Le régime militaire, qui avait initialement promis une transition rapide vers un pouvoir civil, multiplie les reports du calendrier électoral et durcit sa répression contre toute forme d’opposition. Les médias indépendants sont muselés, les manifestations interdites, et les militants des droits humains systématiquement harcelés.

Malgré tout cela, l’insécurité persiste et fait des lots de victimes. Même les mineurs et les vieillards sont kidnappés, et les violences continuent de tuer des innocents. Cette violence généralisée, combinée à la répression politique, plonge la Guinée dans une crise multidimensionnelle dont les conséquences pèsent lourdement sur la population.

Selon des sources concordantes, le ciblage des proches serait devenu une pratique courante contre les opposants politiques en Guinée, les tentatives d’enlèvement étant devenues très fréquentes depuis l’arrivée au pouvoir du général Mamadi Doumbouya.

À ce jour, les autorités guinéennes n’ont pas réagi officiellement aux allégations d’enlèvement.

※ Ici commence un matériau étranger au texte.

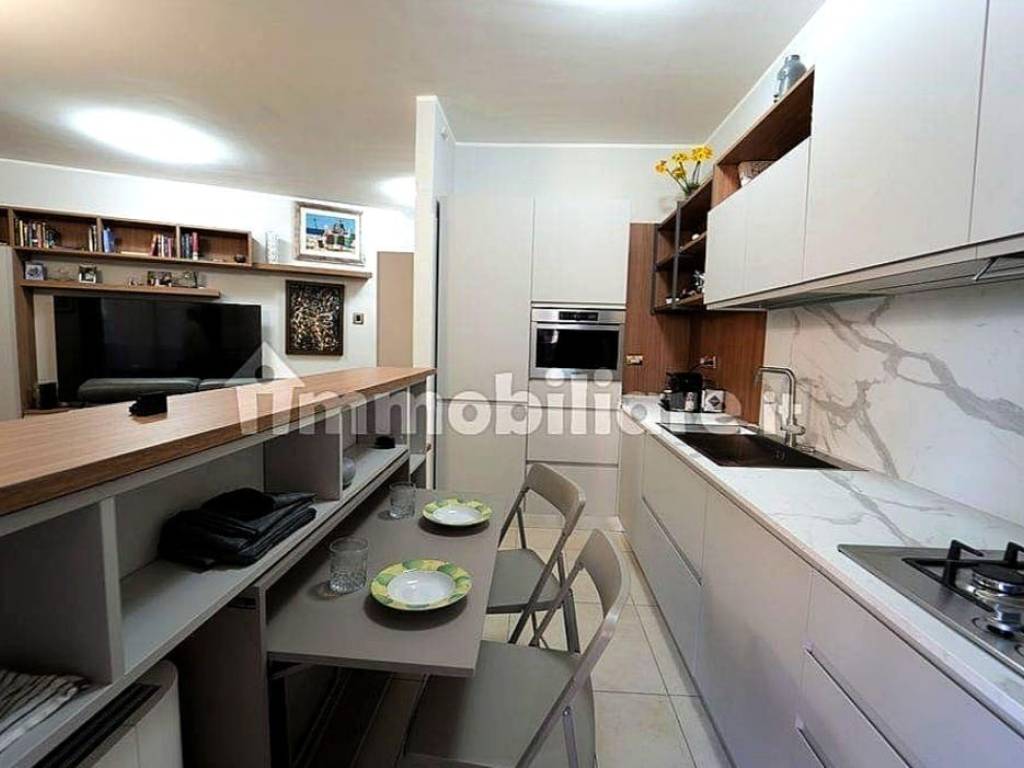appartamento in vendita a Roma in zona Monte Sacro/Talenti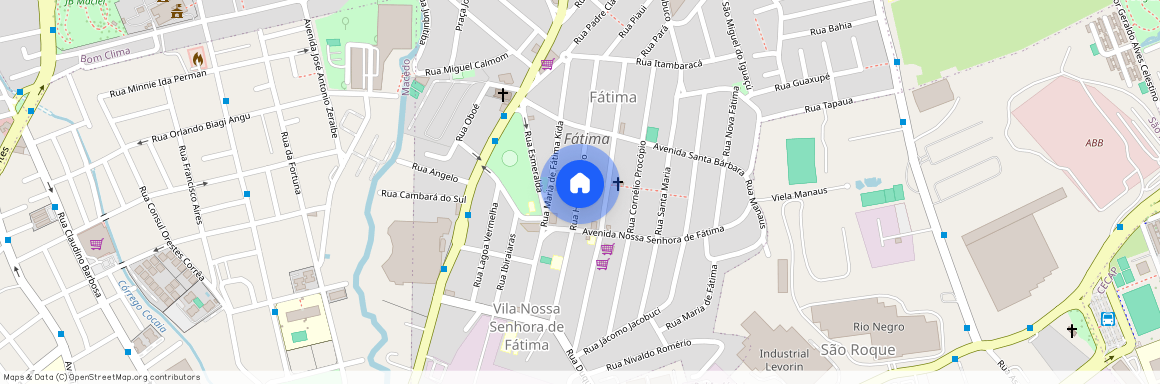 Rua Helio Arrelaro, 296, Guarulhos, Guarulhos - SP, 07191-200, Brazil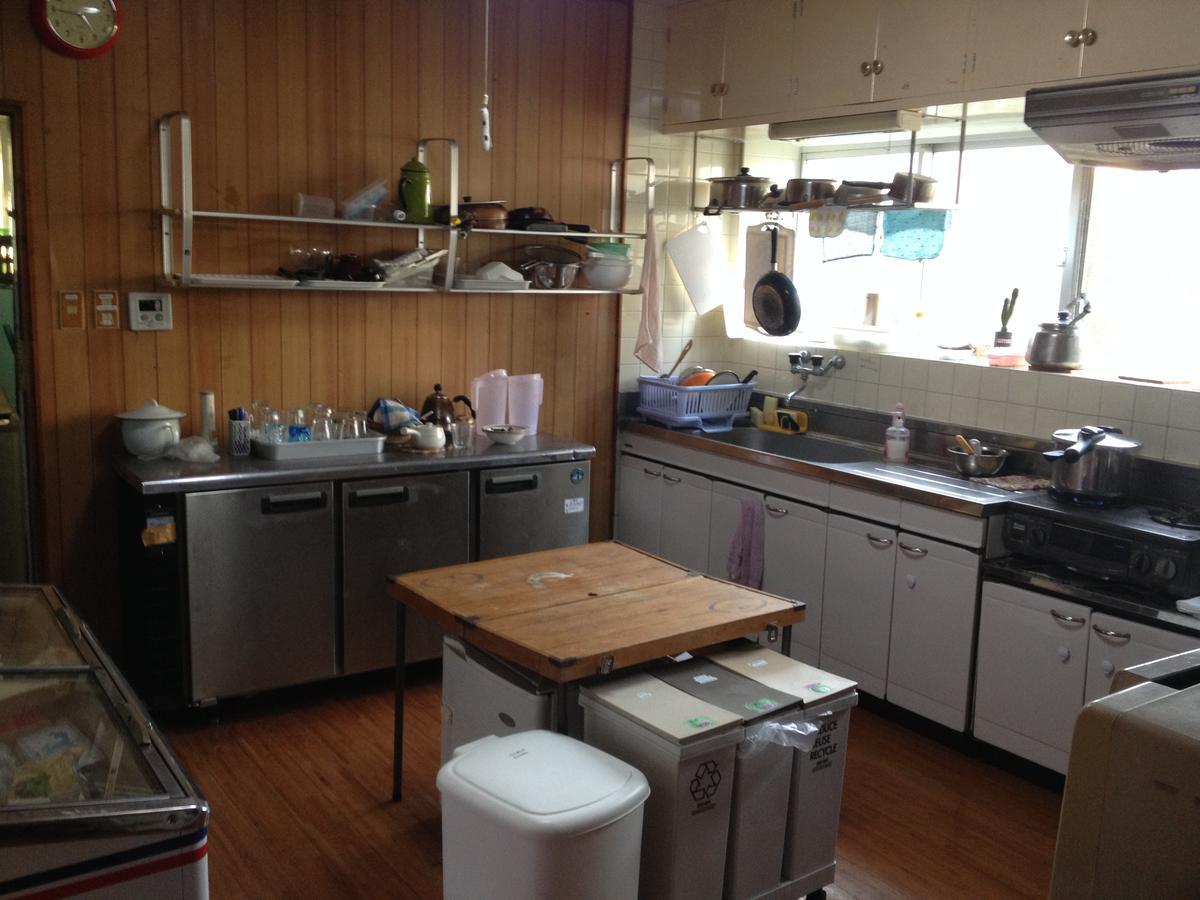 Okinawa Hostel Yanbaru Fukuro Nago Esterno foto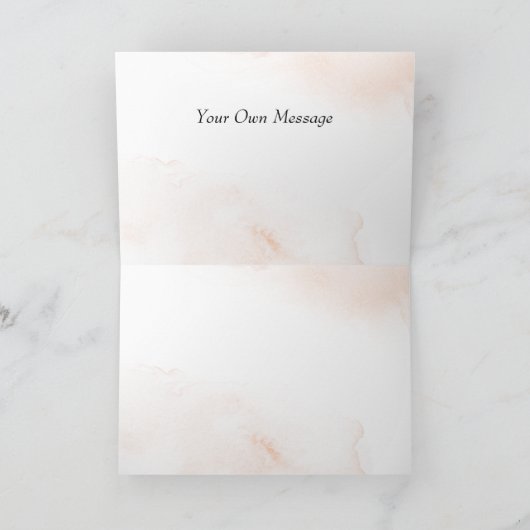 Funny Bunny Happy Paasdag (Binnen)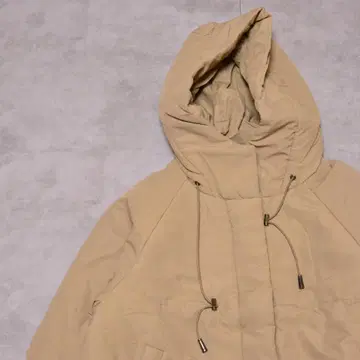 Prose Verse 충전솜 후드 자켓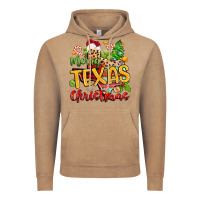 Vintage Coffee merry texas christmas Vintage Hoodie - Zillion Design Studio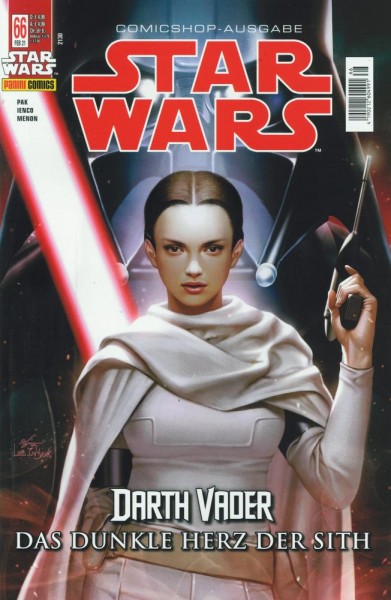 Star Wars (2015) 66 Variant-Cover, Panini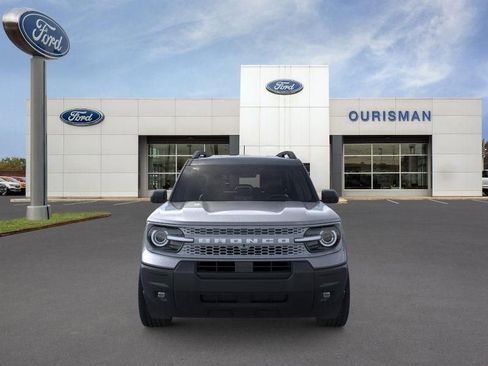 New 2025 Ford Bronco Sport Outer Banks image 2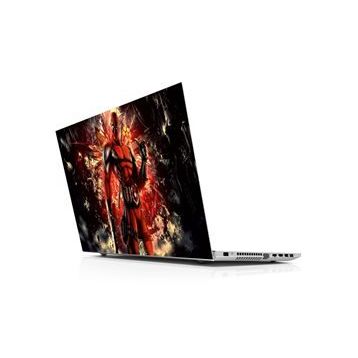 Sticker Masters Deadpool Laptop Duvar Stickerı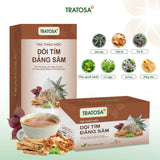 Trà Dòi Tím Đẳng Sâm - 24 Túi
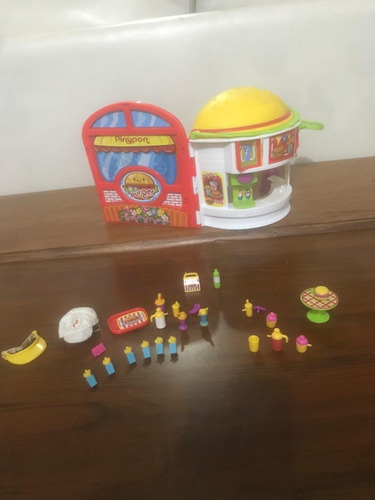 Imagen 1 de 3 de Hamburgueceria De Las Pinypon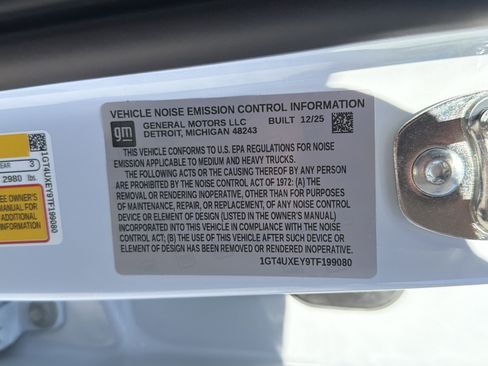 New 2026 GMC Sierra 2500 Denali Ultimate image 40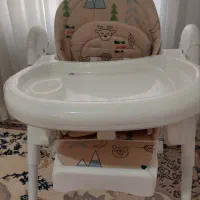 صندلی غذا نو نو|اسباب و اثاث بچه|چالوس, |دیوار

La famille affirme ne pas avoir officiellement saisi les autorités compétentes, tout en réclamant la libération immédiate des personnes enlevées : « Les enfants n’ont rien à voir avec ce qui se passe. Nous demandons leur libération ».

La communauté internationale observe avec inquiétude cette dérive autoritaire. La Communauté économique des États de l’Afrique de l’Ouest (CEDEAO), l’Union européenne et plusieurs gouvernements occidentaux ont déjà appelé les autorités guinéennes au respect des droits humains et à la libération des prisonniers politiques.

L’affaire Élie Kamano pourrait devenir un symbole de la lutte entre un régime autoritaire et la liberté d’expression. Le sort réservé aux membres de sa famille sera un test crucial pour évaluer la volonté du gouvernement guinéen de respecter ses engagements internationaux en matière de droits humains.

Pour l’heure, quatre personnes restent portées disparues. Et la Guinée retient son souffle.